_What is required_
Please set down only the lines that run from the one containing "Kniha Léonie" to the end of the listing below, exactly as written.

_Available data_
====
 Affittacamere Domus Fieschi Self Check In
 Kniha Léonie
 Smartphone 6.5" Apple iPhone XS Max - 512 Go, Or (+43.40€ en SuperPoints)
====
_Exercise solution_
 Kniha Léonie
 Smartphone 6.5" Apple iPhone XS Max - 512 Go, Or (+43.40€ en SuperPoints)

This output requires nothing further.